Exercise instructions: In the records below, find the line containing "Image of volunteers" and the line containing "Jannat studies in class in Bangladesh.". Give again exactly those lines and every line between them, omitting the pictures.

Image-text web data
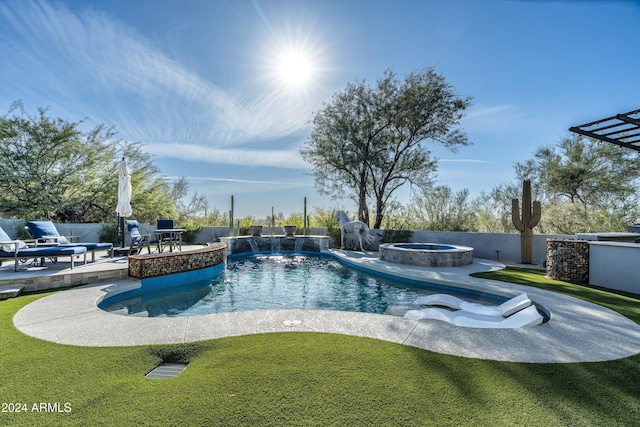 view of swimming pool with an in ground hot tub, pool water feature, a lawn, and a patio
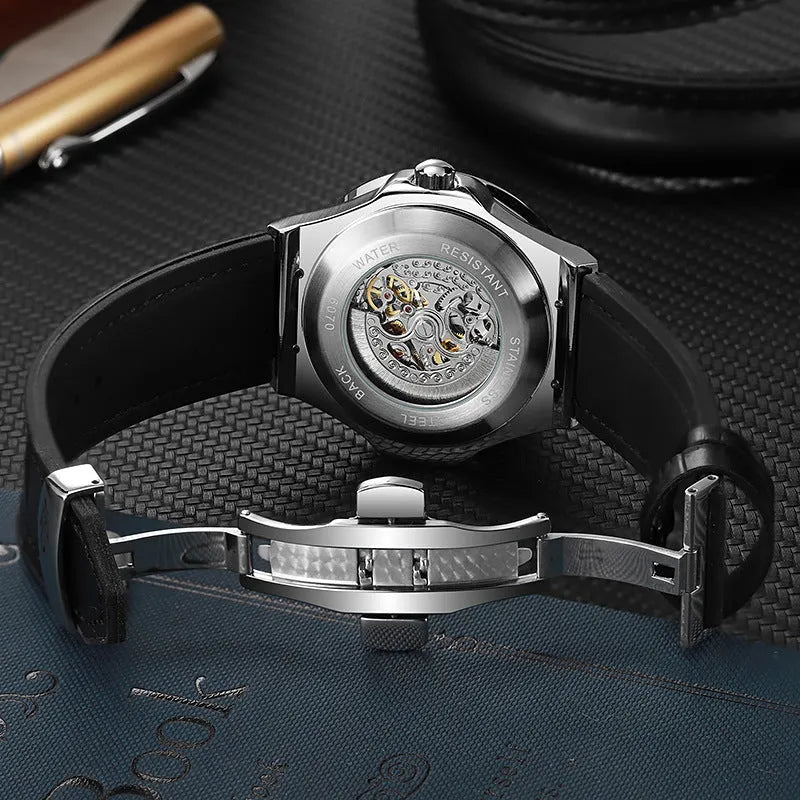 Automatic men's watch with diamond studded hollow dial in a white case.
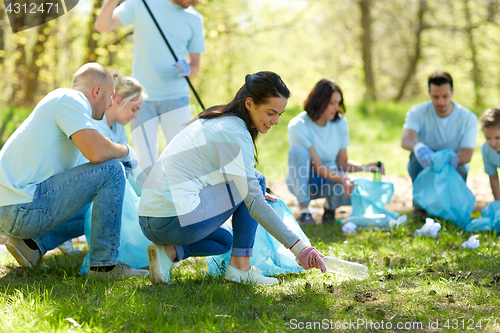 Image of volunteers with garbage bags cleaning park area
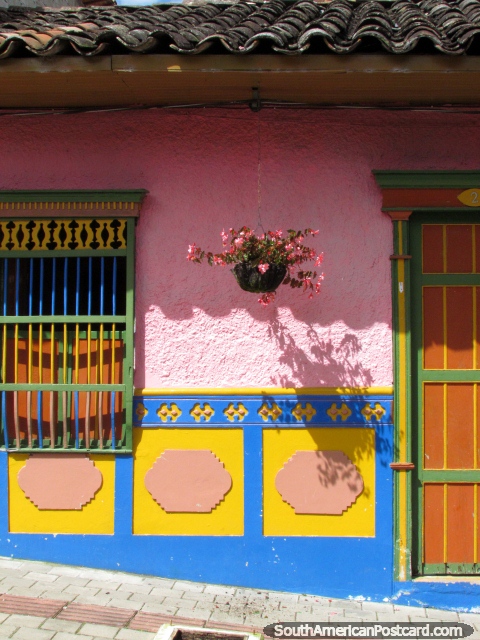 A casa rosa fica em frente em na luz solar, telhado coberto com telhas bonito, uma bela fachada em Guatape. (480x640px). Colômbia, América do Sul.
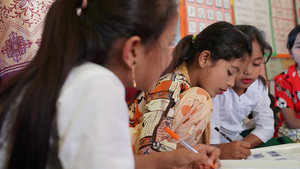 Jannat studies in class in Bangladesh.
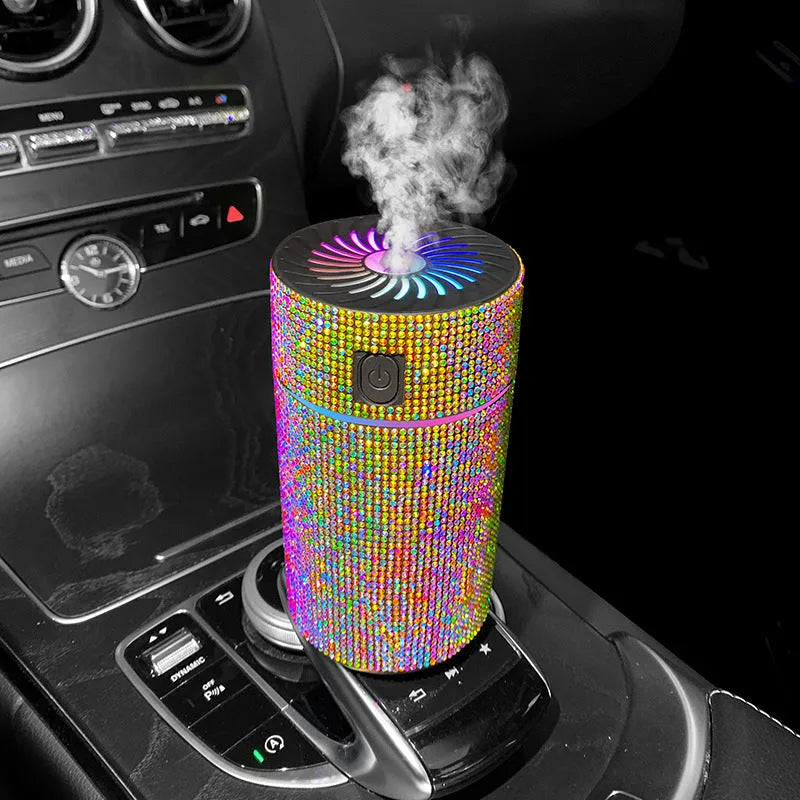 Car humidifier with diamond-shaped water reservoir in various colours, showing USB power connection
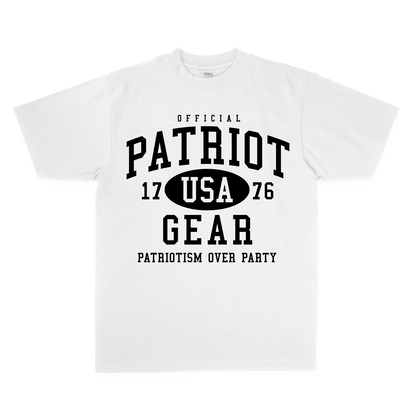 White oversized T-shirt from Official Patriot Gear, featuring a bold white collegiate-style graphic on the front. The design includes "OFFICIAL PATRIOT GEAR" in large black letters, with "USA" inside an oval between the numbers "17" and "76." Below, the slogan "PATRIOTISM OVER PARTY" is displayed in capital letters. The shirt has a classic crew neck and short sleeves, with a relaxed, athletic fit. 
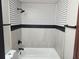 A remodeled bathroom with black and white tiled walls, a white tub, and dark fixtures at 4601 N 37Th St, Tampa, FL 33610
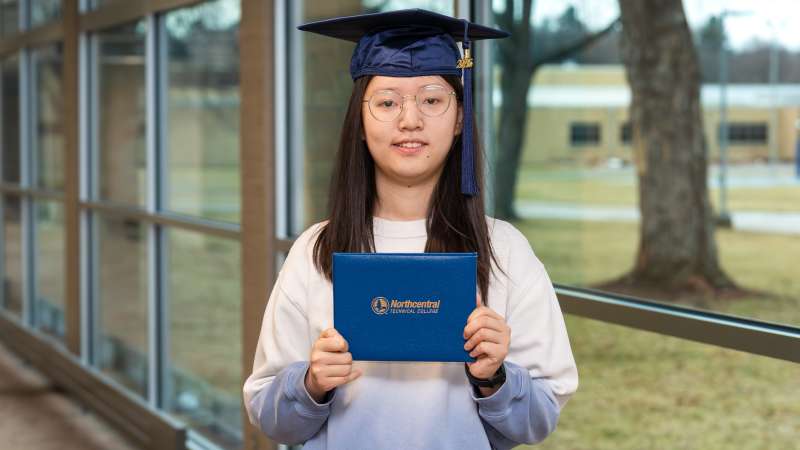 Susie smiling while wearing her graduation cap and holding up her diploma
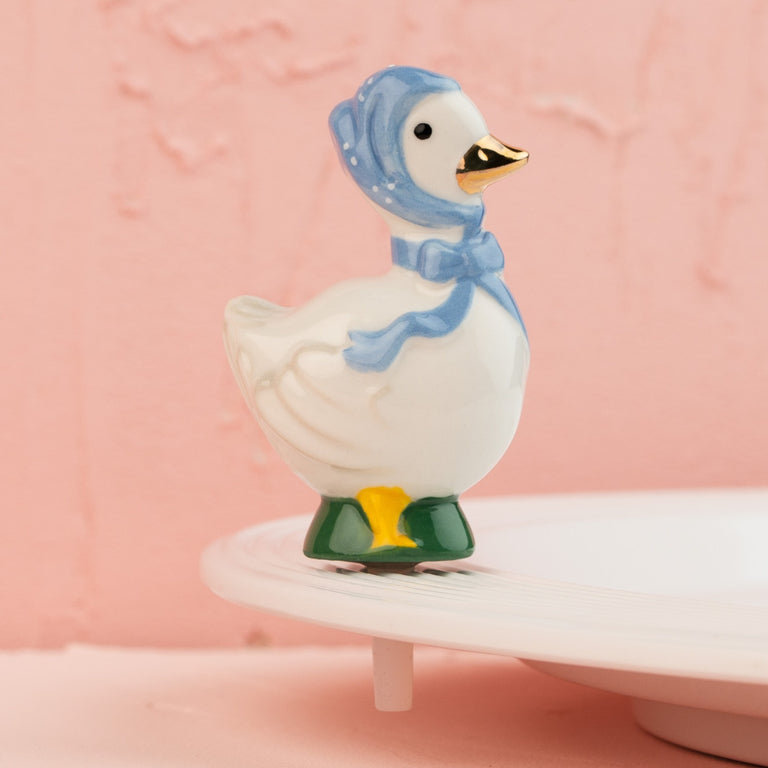 Hand-painted ceramic goose mini wearing a blue bonnet and bow, perched on a white platter.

Final answer:
 Image of volunteers with garbage bags cleaning park area
 A casa rosa fica em frente em na luz solar, telhado coberto com telhas bonito, uma bela fachada em Guatape. (480x640px). Colômbia, América do Sul.
 Jannat studies in class in Bangladesh.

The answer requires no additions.